Task
Your answer must be an exact copy of every record.

Exercise data

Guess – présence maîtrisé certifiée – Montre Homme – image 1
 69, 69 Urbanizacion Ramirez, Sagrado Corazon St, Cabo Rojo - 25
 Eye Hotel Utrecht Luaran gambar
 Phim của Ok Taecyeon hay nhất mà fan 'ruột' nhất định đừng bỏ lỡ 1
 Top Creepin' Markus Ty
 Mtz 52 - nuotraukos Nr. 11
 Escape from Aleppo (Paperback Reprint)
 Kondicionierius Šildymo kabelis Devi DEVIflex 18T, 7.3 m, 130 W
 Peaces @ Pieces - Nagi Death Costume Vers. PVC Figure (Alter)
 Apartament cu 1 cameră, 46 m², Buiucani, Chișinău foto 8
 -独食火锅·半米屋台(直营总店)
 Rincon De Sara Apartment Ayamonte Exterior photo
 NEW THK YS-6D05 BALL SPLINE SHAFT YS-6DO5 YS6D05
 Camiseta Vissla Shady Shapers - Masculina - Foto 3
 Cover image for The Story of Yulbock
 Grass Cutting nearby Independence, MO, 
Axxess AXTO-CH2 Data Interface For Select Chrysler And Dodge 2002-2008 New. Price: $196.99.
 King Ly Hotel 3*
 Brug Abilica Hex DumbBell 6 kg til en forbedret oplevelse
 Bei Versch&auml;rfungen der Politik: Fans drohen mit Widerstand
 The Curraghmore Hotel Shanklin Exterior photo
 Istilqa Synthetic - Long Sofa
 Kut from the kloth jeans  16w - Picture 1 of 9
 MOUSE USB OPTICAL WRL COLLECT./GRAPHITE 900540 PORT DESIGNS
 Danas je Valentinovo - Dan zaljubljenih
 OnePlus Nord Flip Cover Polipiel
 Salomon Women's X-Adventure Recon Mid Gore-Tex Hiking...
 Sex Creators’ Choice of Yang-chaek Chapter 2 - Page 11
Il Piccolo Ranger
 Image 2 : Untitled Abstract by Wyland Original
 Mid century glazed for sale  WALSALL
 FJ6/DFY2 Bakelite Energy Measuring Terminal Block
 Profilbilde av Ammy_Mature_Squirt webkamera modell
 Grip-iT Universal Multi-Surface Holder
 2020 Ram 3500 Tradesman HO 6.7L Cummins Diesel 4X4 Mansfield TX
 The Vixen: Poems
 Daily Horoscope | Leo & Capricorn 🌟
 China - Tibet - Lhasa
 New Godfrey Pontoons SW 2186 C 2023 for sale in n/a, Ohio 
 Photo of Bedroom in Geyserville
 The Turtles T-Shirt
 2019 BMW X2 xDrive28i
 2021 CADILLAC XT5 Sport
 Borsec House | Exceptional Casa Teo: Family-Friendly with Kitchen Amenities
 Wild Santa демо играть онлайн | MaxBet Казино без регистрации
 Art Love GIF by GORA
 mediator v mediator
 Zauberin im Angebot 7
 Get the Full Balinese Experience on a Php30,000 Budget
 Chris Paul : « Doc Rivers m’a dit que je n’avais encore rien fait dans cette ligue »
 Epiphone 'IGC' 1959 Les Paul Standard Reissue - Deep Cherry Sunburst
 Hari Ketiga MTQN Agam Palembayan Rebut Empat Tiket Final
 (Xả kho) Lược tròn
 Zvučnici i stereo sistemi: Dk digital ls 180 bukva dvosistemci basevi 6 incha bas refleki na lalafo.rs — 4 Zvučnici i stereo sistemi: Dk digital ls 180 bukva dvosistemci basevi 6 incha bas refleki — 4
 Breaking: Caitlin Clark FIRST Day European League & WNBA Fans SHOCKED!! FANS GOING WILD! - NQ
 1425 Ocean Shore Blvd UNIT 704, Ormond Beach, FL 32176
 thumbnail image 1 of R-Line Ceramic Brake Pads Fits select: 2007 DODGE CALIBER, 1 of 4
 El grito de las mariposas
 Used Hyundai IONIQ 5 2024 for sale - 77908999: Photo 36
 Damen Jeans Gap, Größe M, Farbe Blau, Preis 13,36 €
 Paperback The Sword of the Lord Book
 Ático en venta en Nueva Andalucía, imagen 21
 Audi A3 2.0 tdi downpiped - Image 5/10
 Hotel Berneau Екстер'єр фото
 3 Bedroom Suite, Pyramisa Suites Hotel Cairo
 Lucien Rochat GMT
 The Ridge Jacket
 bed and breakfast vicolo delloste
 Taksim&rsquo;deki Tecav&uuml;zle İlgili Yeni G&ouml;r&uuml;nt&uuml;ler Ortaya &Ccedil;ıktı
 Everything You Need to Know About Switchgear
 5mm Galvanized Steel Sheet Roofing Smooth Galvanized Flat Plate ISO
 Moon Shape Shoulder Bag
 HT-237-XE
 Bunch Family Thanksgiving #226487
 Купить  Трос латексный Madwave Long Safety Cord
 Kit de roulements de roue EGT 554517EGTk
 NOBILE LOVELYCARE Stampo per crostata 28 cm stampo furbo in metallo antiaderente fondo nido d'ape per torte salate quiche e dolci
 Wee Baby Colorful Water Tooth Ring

Task solution
Guess – présence maîtrisé certifiée – Montre Homme – image 1
 69, 69 Urbanizacion Ramirez, Sagrado Corazon St, Cabo Rojo - 25
 Eye Hotel Utrecht Luaran gambar
 Phim của Ok Taecyeon hay nhất mà fan 'ruột' nhất định đừng bỏ lỡ 1
 Top Creepin' Markus Ty
 Mtz 52 - nuotraukos Nr. 11
 Escape from Aleppo (Paperback Reprint)
 Kondicionierius Šildymo kabelis Devi DEVIflex 18T, 7.3 m, 130 W
 Peaces @ Pieces - Nagi Death Costume Vers. PVC Figure (Alter)
 Apartament cu 1 cameră, 46 m², Buiucani, Chișinău foto 8
 -独食火锅·半米屋台(直营总店)
 Rincon De Sara Apartment Ayamonte Exterior photo
 NEW THK YS-6D05 BALL SPLINE SHAFT YS-6DO5 YS6D05
 Camiseta Vissla Shady Shapers - Masculina - Foto 3
 Cover image for The Story of Yulbock
 Grass Cutting nearby Independence, MO, 
Axxess AXTO-CH2 Data Interface For Select Chrysler And Dodge 2002-2008 New. Price: $196.99.
 King Ly Hotel 3*
 Brug Abilica Hex DumbBell 6 kg til en forbedret oplevelse
 Bei Versch&auml;rfungen der Politik: Fans drohen mit Widerstand
 The Curraghmore Hotel Shanklin Exterior photo
 Istilqa Synthetic - Long Sofa
 Kut from the kloth jeans  16w - Picture 1 of 9
 MOUSE USB OPTICAL WRL COLLECT./GRAPHITE 900540 PORT DESIGNS
 Danas je Valentinovo - Dan zaljubljenih
 OnePlus Nord Flip Cover Polipiel
 Salomon Women's X-Adventure Recon Mid Gore-Tex Hiking...
 Sex Creators’ Choice of Yang-chaek Chapter 2 - Page 11
Il Piccolo Ranger
 Image 2 : Untitled Abstract by Wyland Original
 Mid century glazed for sale  WALSALL
 FJ6/DFY2 Bakelite Energy Measuring Terminal Block
 Profilbilde av Ammy_Mature_Squirt webkamera modell
 Grip-iT Universal Multi-Surface Holder
 2020 Ram 3500 Tradesman HO 6.7L Cummins Diesel 4X4 Mansfield TX
 The Vixen: Poems
 Daily Horoscope | Leo & Capricorn 🌟
 China - Tibet - Lhasa
 New Godfrey Pontoons SW 2186 C 2023 for sale in n/a, Ohio 
 Photo of Bedroom in Geyserville
 The Turtles T-Shirt
 2019 BMW X2 xDrive28i
 2021 CADILLAC XT5 Sport
 Borsec House | Exceptional Casa Teo: Family-Friendly with Kitchen Amenities
 Wild Santa демо играть онлайн | MaxBet Казино без регистрации
 Art Love GIF by GORA
 mediator v mediator
 Zauberin im Angebot 7
 Get the Full Balinese Experience on a Php30,000 Budget
 Chris Paul : « Doc Rivers m’a dit que je n’avais encore rien fait dans cette ligue »
 Epiphone 'IGC' 1959 Les Paul Standard Reissue - Deep Cherry Sunburst
 Hari Ketiga MTQN Agam Palembayan Rebut Empat Tiket Final
 (Xả kho) Lược tròn
 Zvučnici i stereo sistemi: Dk digital ls 180 bukva dvosistemci basevi 6 incha bas refleki na lalafo.rs — 4 Zvučnici i stereo sistemi: Dk digital ls 180 bukva dvosistemci basevi 6 incha bas refleki — 4
 Breaking: Caitlin Clark FIRST Day European League & WNBA Fans SHOCKED!! FANS GOING WILD! - NQ
 1425 Ocean Shore Blvd UNIT 704, Ormond Beach, FL 32176
 thumbnail image 1 of R-Line Ceramic Brake Pads Fits select: 2007 DODGE CALIBER, 1 of 4
 El grito de las mariposas
 Used Hyundai IONIQ 5 2024 for sale - 77908999: Photo 36
 Damen Jeans Gap, Größe M, Farbe Blau, Preis 13,36 €
 Paperback The Sword of the Lord Book
 Ático en venta en Nueva Andalucía, imagen 21
 Audi A3 2.0 tdi downpiped - Image 5/10
 Hotel Berneau Екстер'єр фото
 3 Bedroom Suite, Pyramisa Suites Hotel Cairo
 Lucien Rochat GMT
 The Ridge Jacket
 bed and breakfast vicolo delloste
 Taksim&rsquo;deki Tecav&uuml;zle İlgili Yeni G&ouml;r&uuml;nt&uuml;ler Ortaya &Ccedil;ıktı
 Everything You Need to Know About Switchgear
 5mm Galvanized Steel Sheet Roofing Smooth Galvanized Flat Plate ISO
 Moon Shape Shoulder Bag
 HT-237-XE
 Bunch Family Thanksgiving #226487
 Купить  Трос латексный Madwave Long Safety Cord
 Kit de roulements de roue EGT 554517EGTk
 NOBILE LOVELYCARE Stampo per crostata 28 cm stampo furbo in metallo antiaderente fondo nido d'ape per torte salate quiche e dolci
 Wee Baby Colorful Water Tooth Ring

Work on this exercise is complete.